WINEMAKING: To make our Willamette Valley Pinot Noir, fruit from each vineyard block is fermented separately in small, temperature controlled steel tanks, hand punched down twice daily, and barreled in french oak barrels. After 10 months of aging in 20% new oak, the wine we choose for our Willamette Valley Pinot Noir is carefully blended to produce the most approachable, well-balanced Pinot Noir we make.
About Elk Cove Vineyards
Elk Cove Vineyards was founded in 1974 by Pat and Joe Campbell. Winemaker Adam Campbell joined forces with his parents in 1995 and Elk Cove remains proudly family owned.
It’s 1974. The Campbell family winds up a gravel road to an abandoned and overgrown homestead in the foothills of the Coast Range Mountains.
Six year old Eartha asks “Where’s the house?”
“It’s behind us!” Joe and Pat happily reply – referring to the trailer that would be their home for the next year. They are Oregon winegrowing pioneers.
Pat and Joe chose the property for its shallow soils, steep hilly terrain and beautiful views. After converting the existing homesteader’s barn into a winery, they built a new home from reclaimed lumber.
They invited friends to help on the weekends, enticing them with manual labor and wine futures. Joe worked nights in the ER, Pat managed the business, and they both worked long hours in the vineyards and made the wines together. There were fewer than ten wineries in Oregon at the time.

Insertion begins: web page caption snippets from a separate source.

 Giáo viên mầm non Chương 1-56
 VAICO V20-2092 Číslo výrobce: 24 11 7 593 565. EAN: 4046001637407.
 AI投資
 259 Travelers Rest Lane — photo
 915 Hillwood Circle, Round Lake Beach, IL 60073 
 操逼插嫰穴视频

In the winter of 1974, a herd of 40 Roosevelt elk bedded down in the clearing by the Campbell family’s trailer. Their presence, along with the protective bowl shape of the property, inspired Pat and Joe to name their property Elk Cove Vineyards.
Family Roots
Pat’s great-grandfather was a Swiss immigrant to Helvetia, Oregon, who grew grapes and made wine prior to prohibition. Her parents were orchardists in Parkdale, a small farming community at the foot of Mount Hood. Her father Lew, upon seeing his daughter’s new land, overgrown with abandoned prune and hazelnut trees, commented “With this soil and no water, I don’t think you can grow anything here – except maybe winegrapes.”
Pat met Joe Campbell when they were both teenagers picking strawberries for spending money. He was a small town kid from Hood River, Oregon, whose smarts landed him at Harvard, then Stanford Medical School. Joe used his academic background to teach himself the science of winemaking, collaborating with other fledgeling winegrowers to learn from their achievements and struggles.
Success in a New Industry
Pat and Joe didn’t know it at the time, but they were pioneers of a new industry in Oregon.

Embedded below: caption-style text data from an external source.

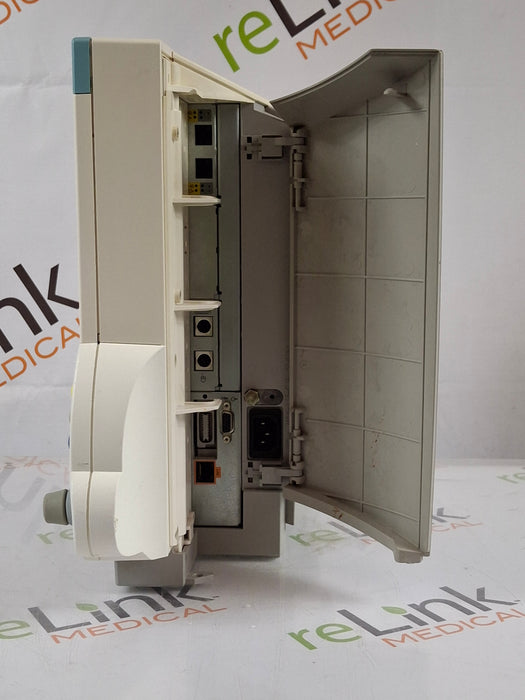 Philips IntelliVue MP70 - Anesthesia Patient Monitor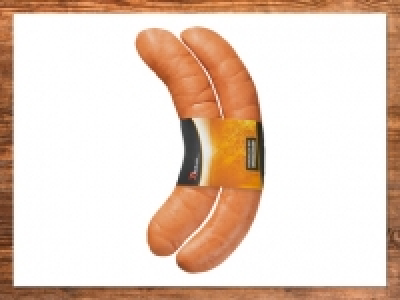 Biergriller CHF 6.50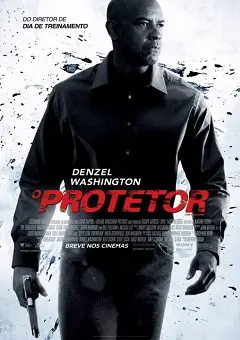 O Protetor – The Equalizer Dublado e Dual Áudio Torrent 1080p – Download [2014]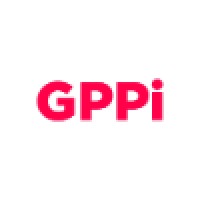Global Public Policy Institute (GPPi) Logo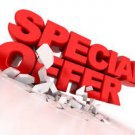 Special Offer (BOTTLES, SHEARS & MORE!) Farmville 2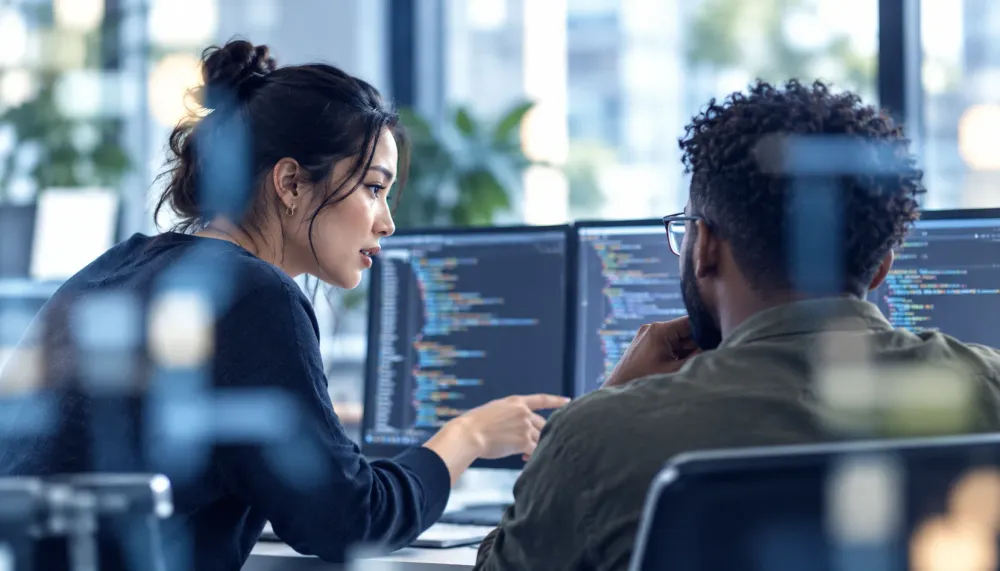 AI Engineering Productivity: How to Measure Real Impact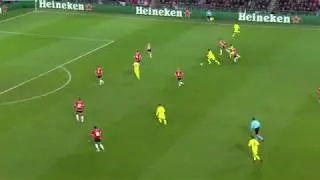 Futebol Santander | Vencedor do Jogador da Semana | 5&ordf; Rodada | Lionel Messi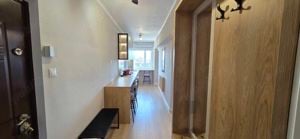 Apartament de inchiriat, central, str.Republicii - imagine 9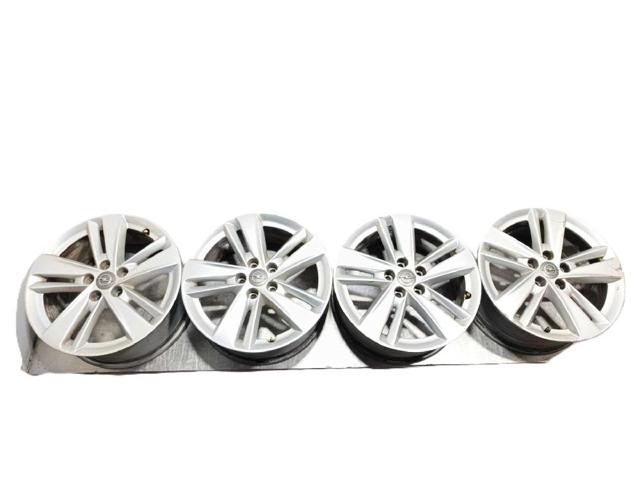 YP00064180 Opel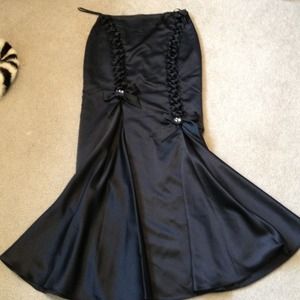 RESERVED FOR SAPPHIRE90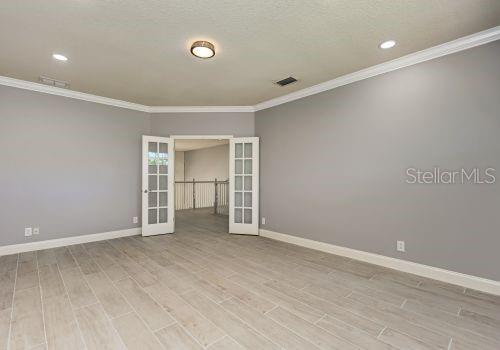 Building Photo - 1648 Bayshore Dr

In 1979, the Campbell’s 1978 Riesling won gold at the Oregon State Fair, the Tri-Cities Wine Festival, and the Seattle Enological Society annual tasting. Pat and Joe had proof – they really could make world class wines. In 1985 when Robert Parker of the Wine Advocate famously “discovered Oregon” the Campbells and other Oregon winemakers felt their region was finally on the map.
Forty years later, there are over 700 wineries in Oregon. The wine business now ranks as one of Oregon’s top agricultural industries.

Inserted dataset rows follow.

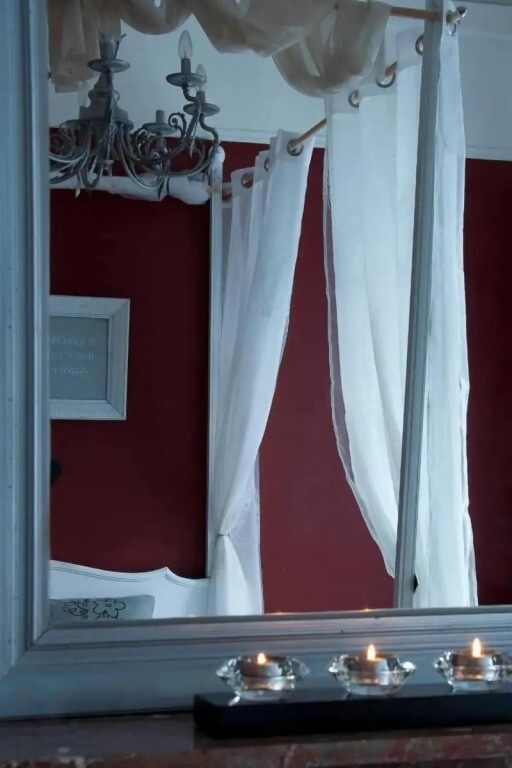 B&B Cambiare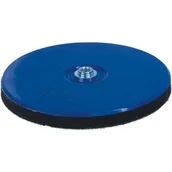 Tarcze do pił - Dedra Tarcza do mocowania papieru ściernego XDED7749.02 - miniaturka - grafika 1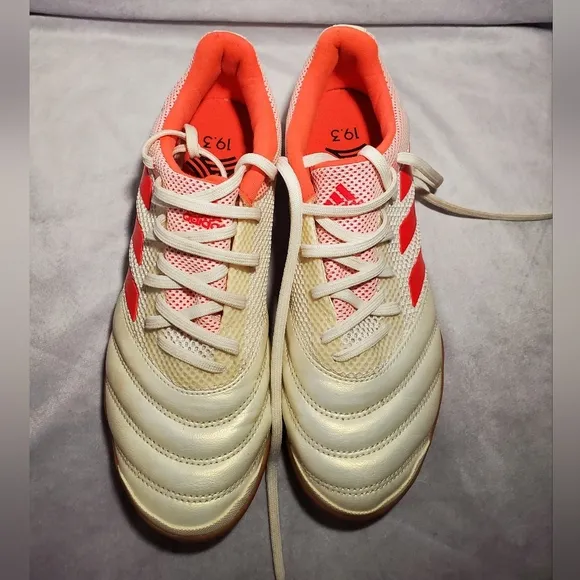 Adidas Copa 19.3 IN Sala size 6.5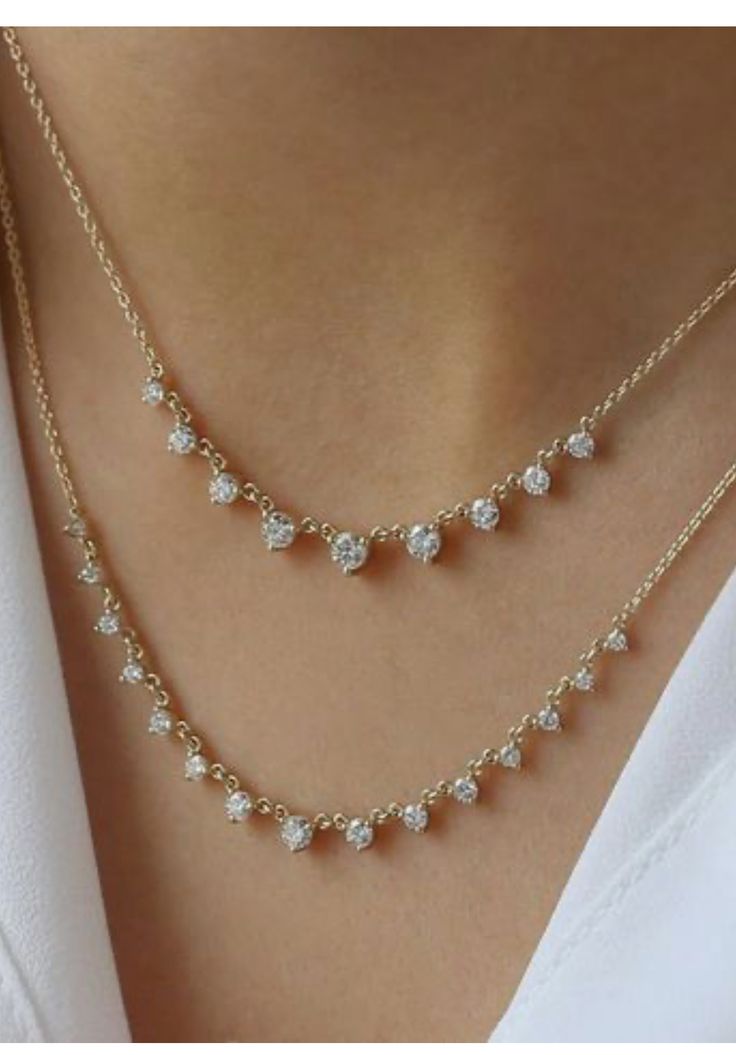 Neckless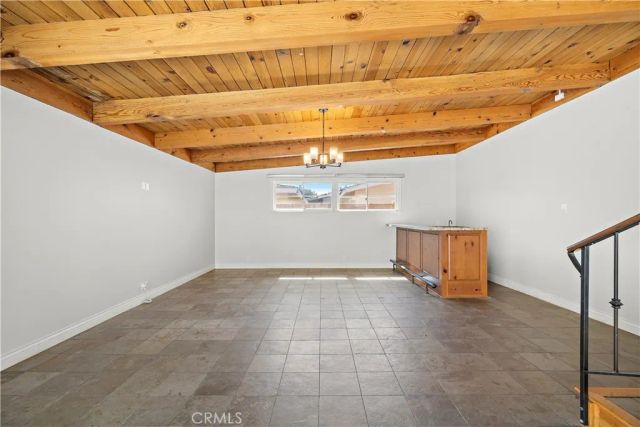 17162 Elm Lane, Huntington Beach, CA 92647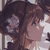 顧奈安
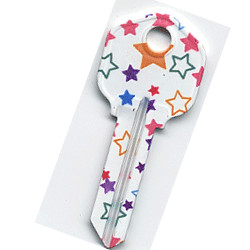 KeysRCool - Buy Celestial: Stars key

Although Pat and Joe are retired now, you might see Pat working in the flower gardens on your visit to the winery. Joe might pour you a glass of his Condor wine. Their vision lives on through their son Adam.
The five Campbell kids all grew up working summers in the vineyards at Elk Cove – it was truly a family business and Joe and Pat needed all the help they could get. Adam took a special interest and stayed close to home for college, attending Lewis & Clark and spending summers on the bottling line. Upon graduation he joined the business year-round to learn the craft of winemaking from his parents.
Adam is now responsible for making Elk Cove’s wines. He now oversees six vineyard sites with 380 planted acres. That’s over 10 times the total acreage of all Oregon vineyards when Pat and Joe planted that very first vine in 1974.
The Campbell’s goal has always been hand-crafted, Estate-grown cool climate wines that rival the best in the world. As a second-generation winemaker and a 5th generation Oregon farmer, Adam Campbell is proud to continue that tradition.